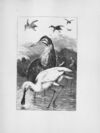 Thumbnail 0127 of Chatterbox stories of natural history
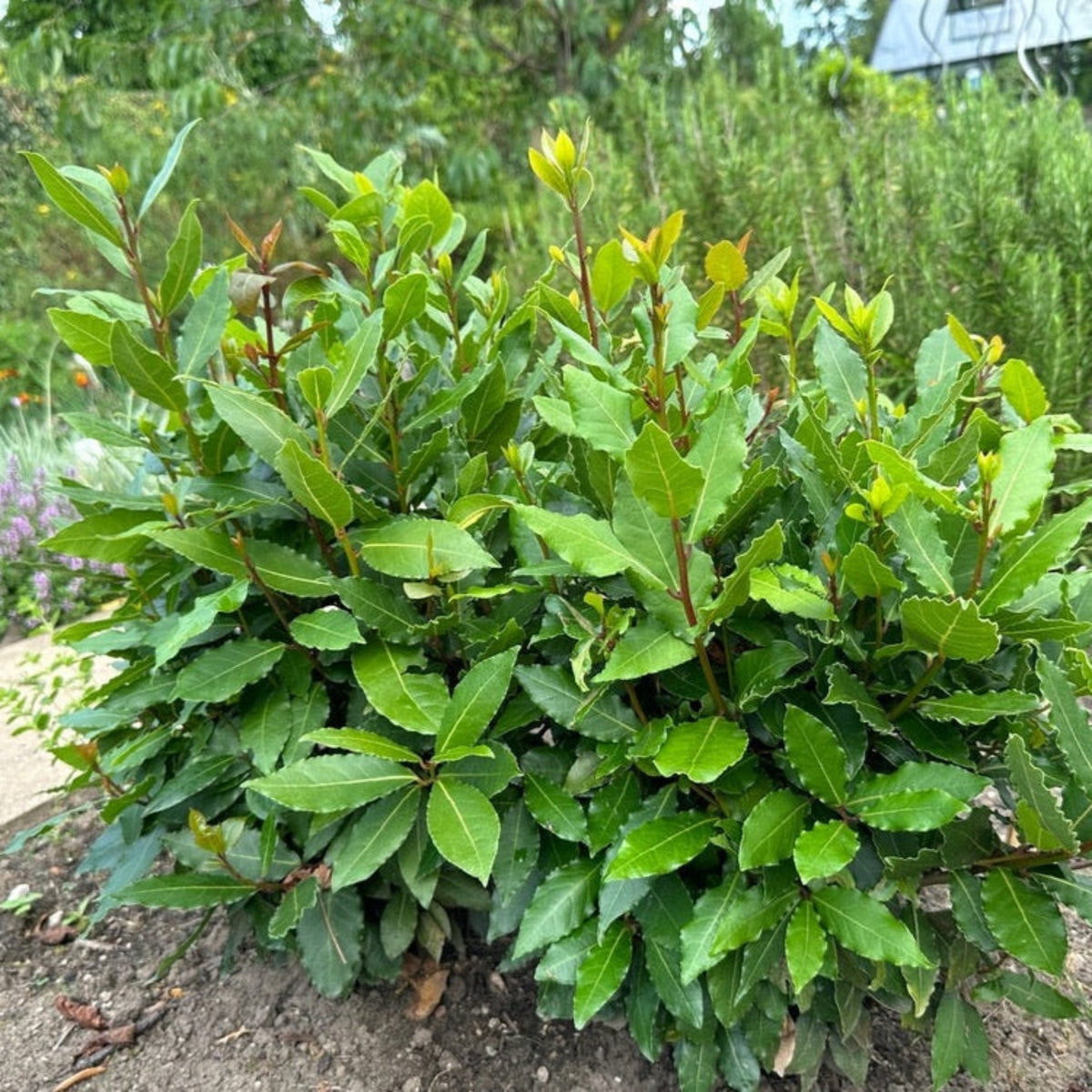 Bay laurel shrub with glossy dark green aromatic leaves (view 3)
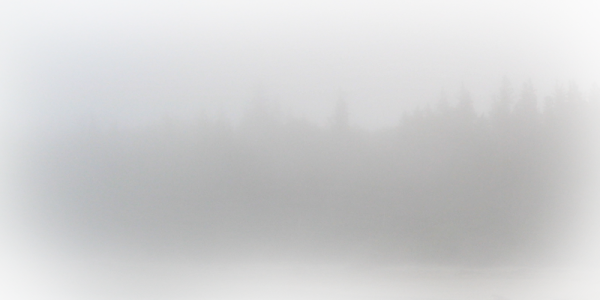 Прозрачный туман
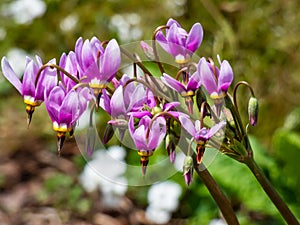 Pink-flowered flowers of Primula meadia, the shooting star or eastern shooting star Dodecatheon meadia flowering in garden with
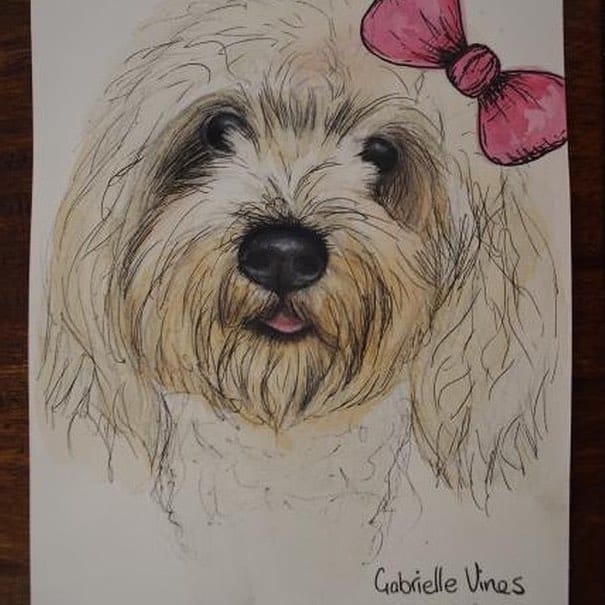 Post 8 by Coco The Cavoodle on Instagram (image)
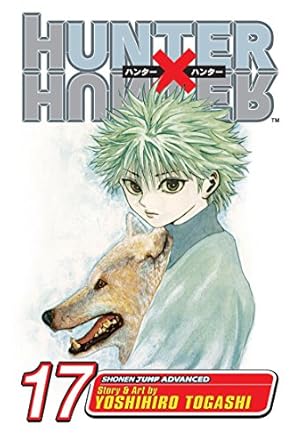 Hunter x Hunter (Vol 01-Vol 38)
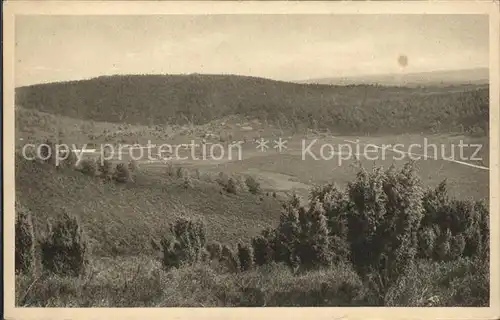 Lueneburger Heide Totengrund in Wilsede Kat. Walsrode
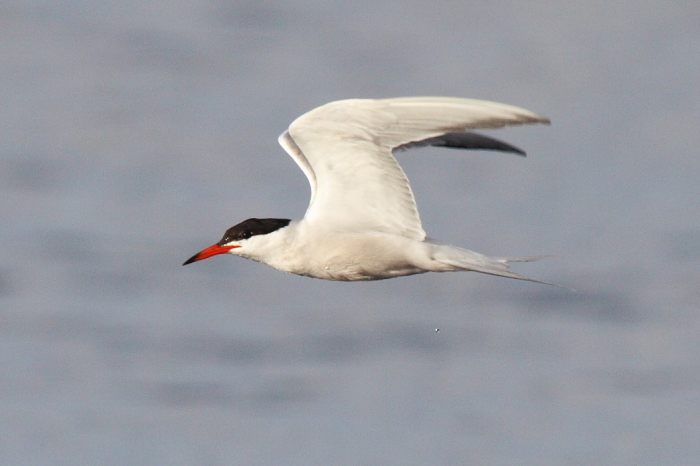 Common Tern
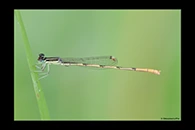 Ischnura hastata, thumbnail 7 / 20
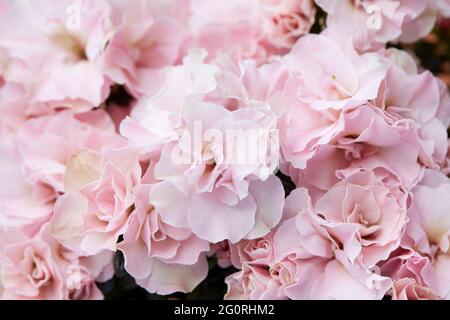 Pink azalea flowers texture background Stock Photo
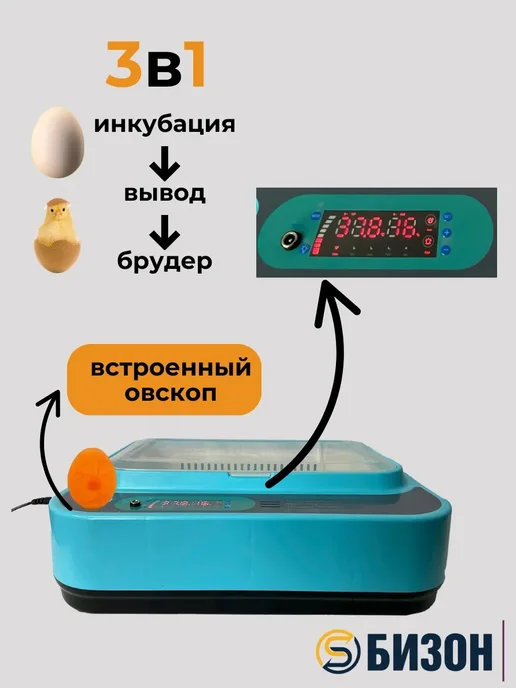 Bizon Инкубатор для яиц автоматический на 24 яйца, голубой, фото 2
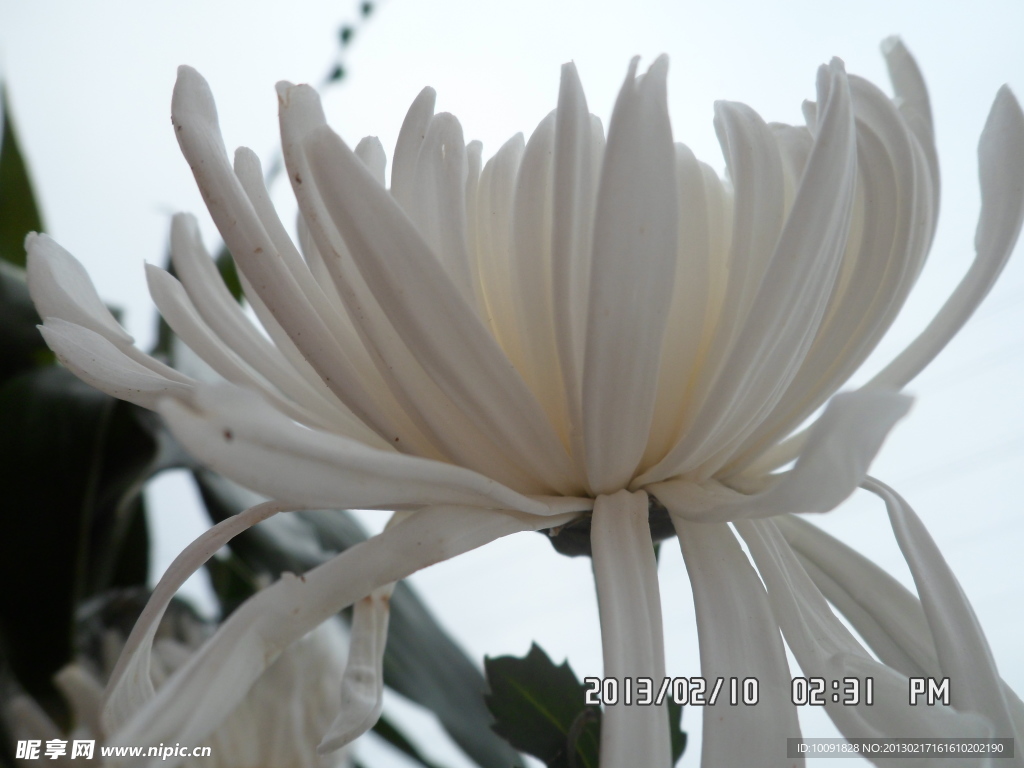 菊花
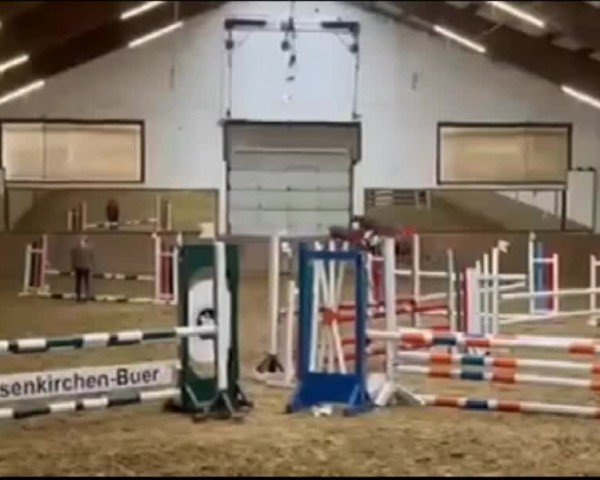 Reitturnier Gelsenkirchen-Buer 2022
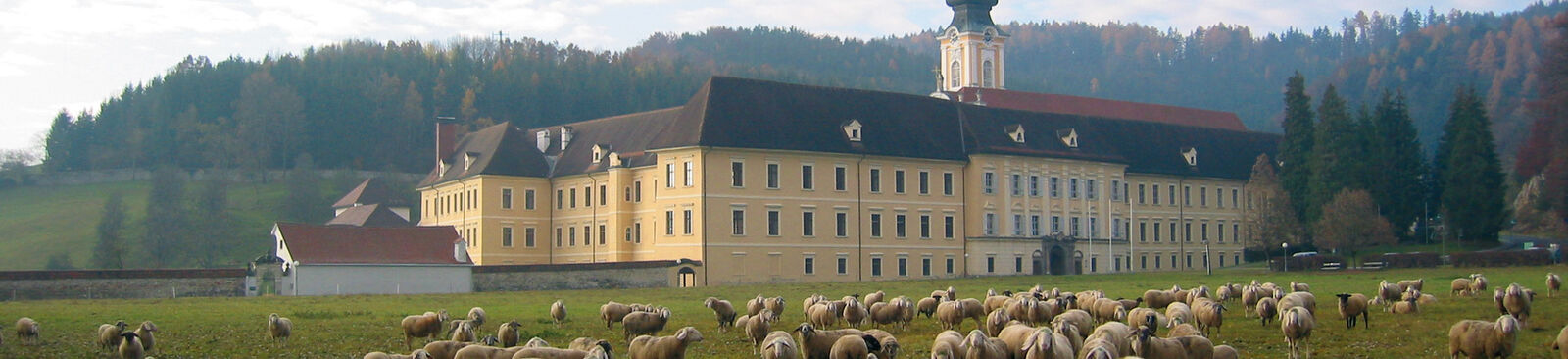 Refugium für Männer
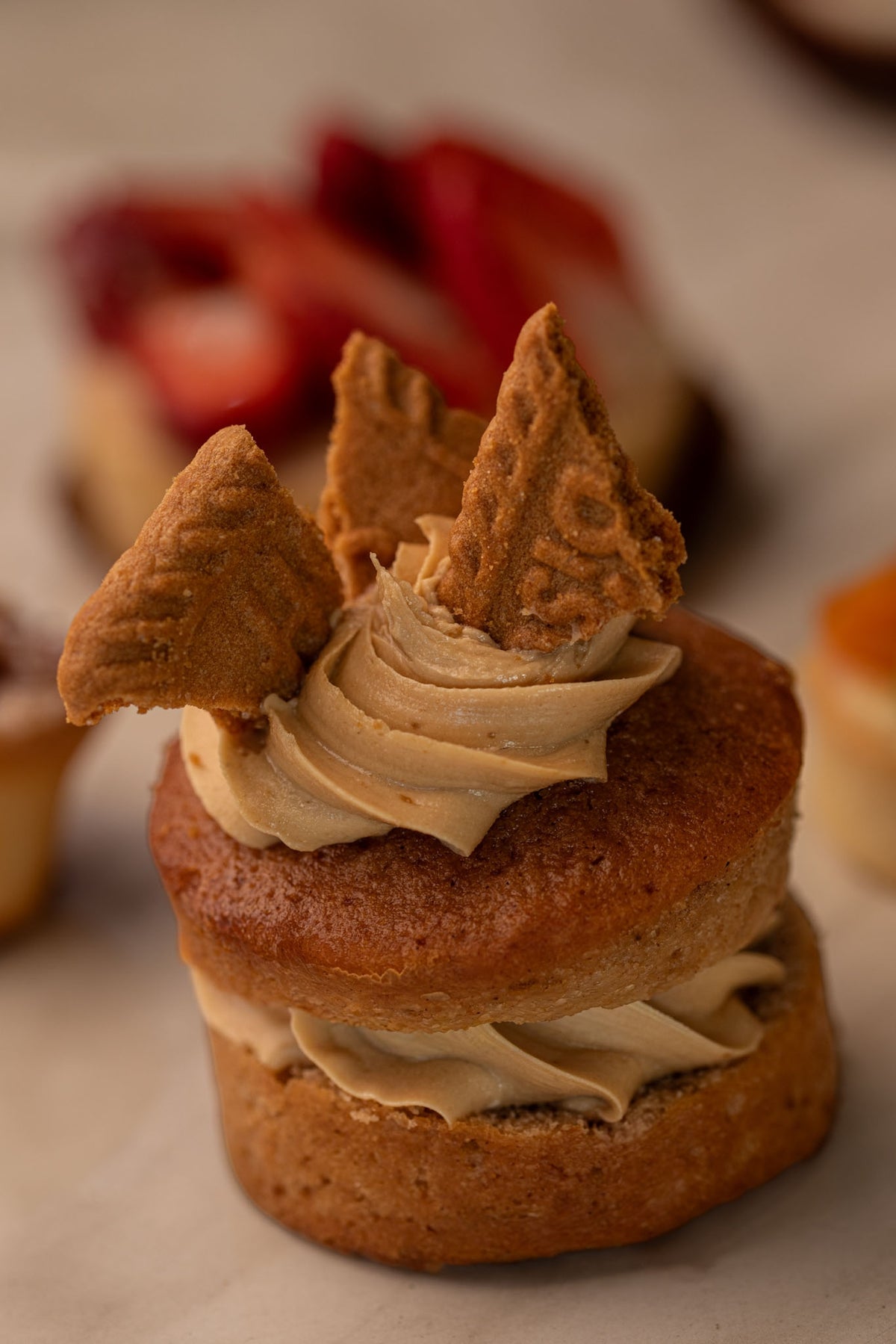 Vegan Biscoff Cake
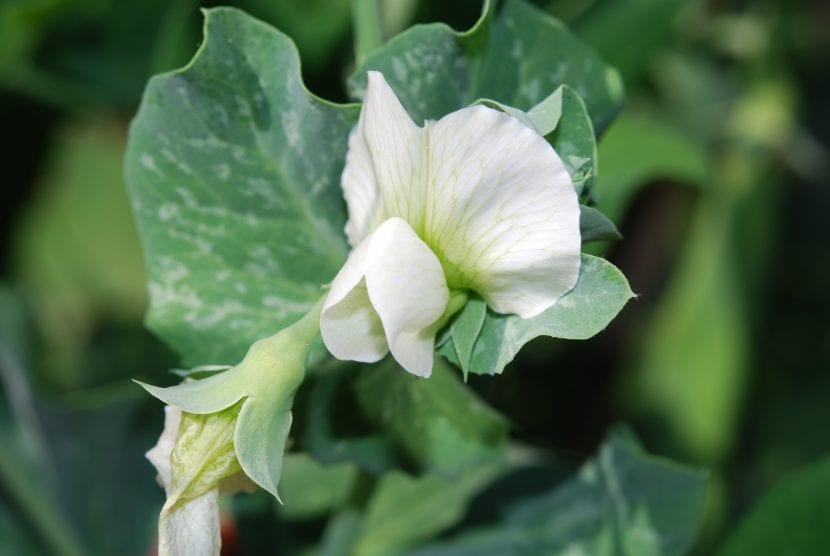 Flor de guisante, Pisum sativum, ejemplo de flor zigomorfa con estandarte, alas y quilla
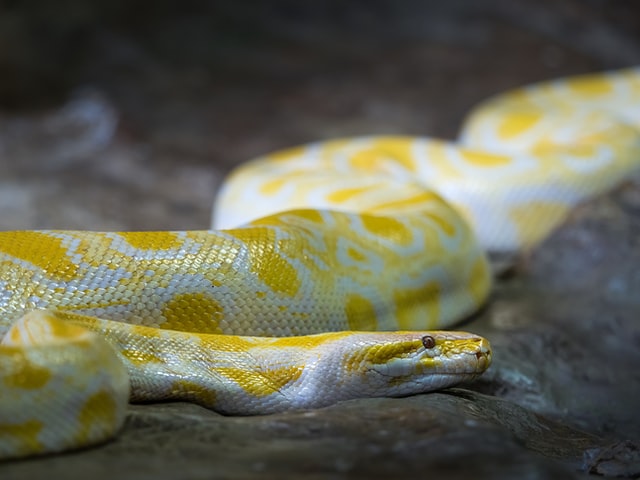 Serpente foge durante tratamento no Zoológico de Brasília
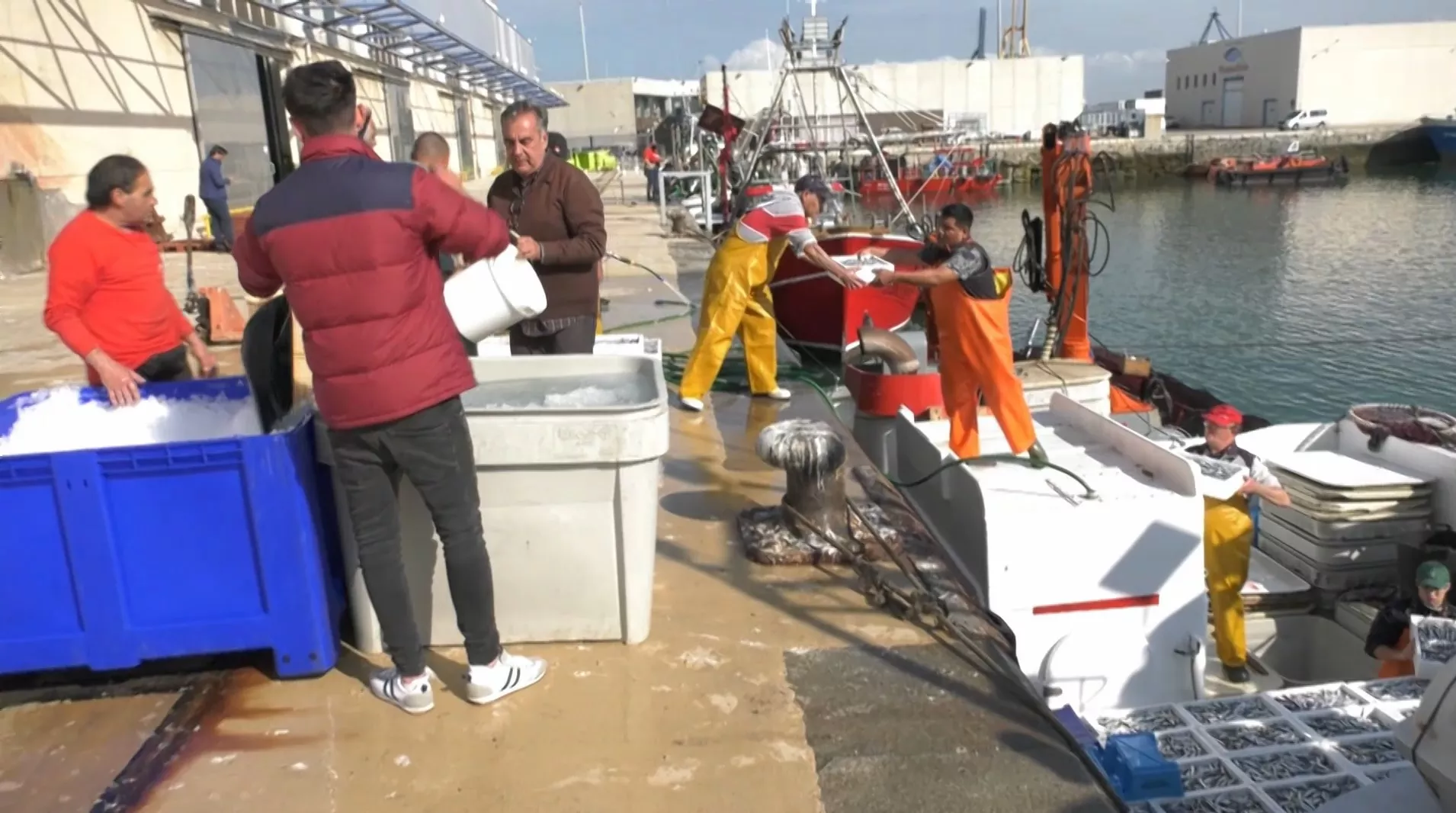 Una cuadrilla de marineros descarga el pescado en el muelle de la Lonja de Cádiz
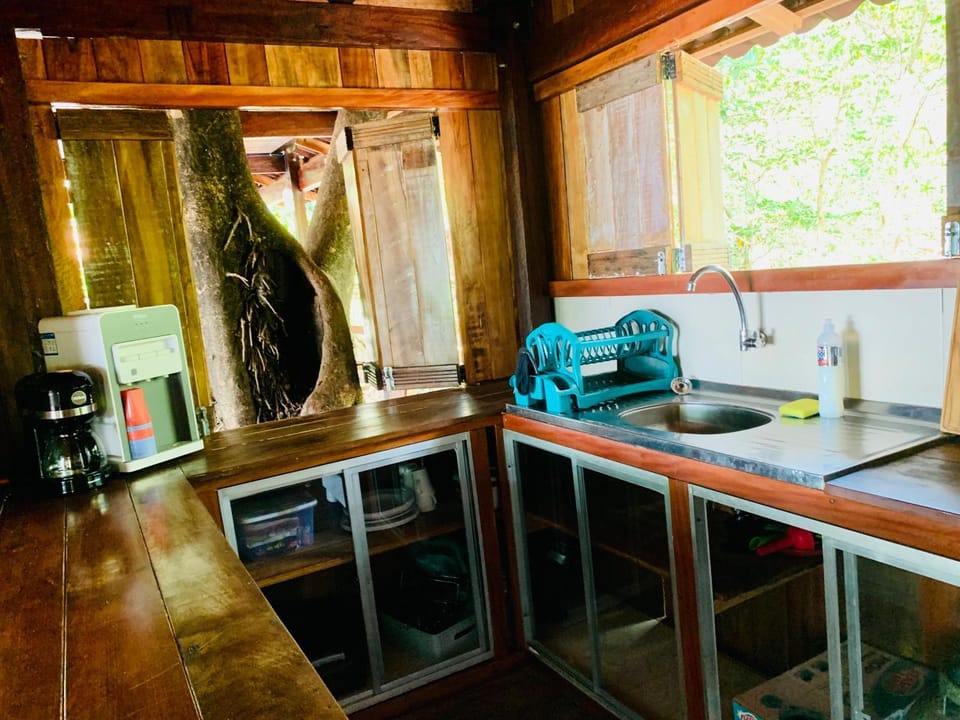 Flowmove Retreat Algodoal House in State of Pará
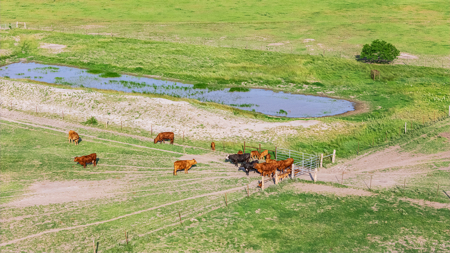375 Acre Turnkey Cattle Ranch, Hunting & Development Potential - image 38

■ TASK BRIEF
Each entry above must be restated word for word; the pictures stay out of the copy.

■ RESPONSE AREA
 Thumbnail 0127 of Chatterbox stories of natural history
 Bay laurel shrub with glossy dark green aromatic leaves (view 3)
 Прозрачный туман
 Pink-flowered flowers of Primula meadia, the shooting star or eastern shooting star Dodecatheon meadia flowering in garden with
 Post 8 by Coco The Cavoodle on Instagram (image)
 Hunter x Hunter (Vol 01-Vol 38)
 Lueneburger Heide Totengrund in Wilsede Kat. Walsrode
 Common Tern
 Ischnura hastata, thumbnail 7 / 20
 Pink azalea flowers texture background Stock Photo
 Bizon Инкубатор для яиц автоматический на 24 яйца, голубой, фото 2
 菊花
 Reitturnier Gelsenkirchen-Buer 2022
 Refugium für Männer
 Vegan Biscoff Cake
 Flor de guisante, Pisum sativum, ejemplo de flor zigomorfa con estandarte, alas y quilla
 Serpente foge durante tratamento no Zoológico de Brasília
 Una cuadrilla de marineros descarga el pescado en el muelle de la Lonja de Cádiz
 Flowmove Retreat Algodoal House in State of Pará
375 Acre Turnkey Cattle Ranch, Hunting & Development Potential - image 38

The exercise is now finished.